1890年代、ニューイングランドの孤島。4週間に渡って灯台と島の管理をおこなうため、2人の灯台守がやってくる。威圧的で支配的なベテランのトーマス・ウェイクと未経験の若者イーフレイム・ウィンズローは、そりが合わず初日から衝突を繰り返していた。険悪な雰囲気のなか、嵐によって2人は島に閉じ込められてしまう。孤立状態となった彼らは、次第に狂気に囚われていき...
 

review:

A24が『ウィッチ』のロバート・エガース監督に撮らせたとあっては観る以外ないのだが、やはり、この上なく悪い夢を観ているような映画体験で呆気に取られた。絶海の孤島に2人の灯台守がやってくるが、彼らを迎える陰鬱な空、荒れ狂う海は不吉なムードを漂わせ、響き渡る不協和音が心をざわつかせる。35ミリ白黒フィルムで撮影され、正方形に近い画面サイズで映し出されるモノクロームの映像は、その深い闇をいっそう際立たせる。
 
年老いたベテランのウェイクと新米のウィンズローは最初からソリが合わず、衝突しがちな2人の間にはぎくしゃくした緊張感が漂う。
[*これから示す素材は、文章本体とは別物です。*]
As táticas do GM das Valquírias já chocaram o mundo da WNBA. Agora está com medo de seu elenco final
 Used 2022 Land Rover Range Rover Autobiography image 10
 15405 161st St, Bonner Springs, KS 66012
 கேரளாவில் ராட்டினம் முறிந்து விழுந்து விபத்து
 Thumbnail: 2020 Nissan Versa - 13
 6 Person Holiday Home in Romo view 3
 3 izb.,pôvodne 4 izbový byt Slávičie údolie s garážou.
そして威圧的で支配的なウェイクに理不尽な重労働を課せられ、過酷な生活のなかでウィンズローが狂気に囚われていく様子が描かれる。が、そもそも最初から妄想と狂気と虚言が入り混じり、何が現実で何が真実なのかまるで分からなくなっていくのだ。
 
一度観た後に、公式サイトを含めいろんな解説を読んでみた。解説されると一気に面白さが押し寄せてくるあたり、モダンアートのインスタレーションのようでもある。1801年にイギリス・ウェールズで実際に起きた事件をベースにしたそうだが、エガース兄弟はよくこんな脚本を書いたものだと思う。幾重にも織り込まれた神話や古典文学のモチーフやメタファーを理解した上でもう一度観るか迷っているが、あの狂気と地獄をおかわりするのかと思うと気が重い。
 
ただ、この世に2つとないロバート・エガースの傑作であることは間違いなく、ウィレム・デフォーロバート・パティンソンの怪演も相俟って、今後も映画史のなかで語り継がれていくだろう。もし観るのなら、その前か後になんらかの解説を読むことをお勧めする。1人で観るのは気が重いが、みんなでああでもない、こうでもないって分析しながら観たら面白いかもなぁ。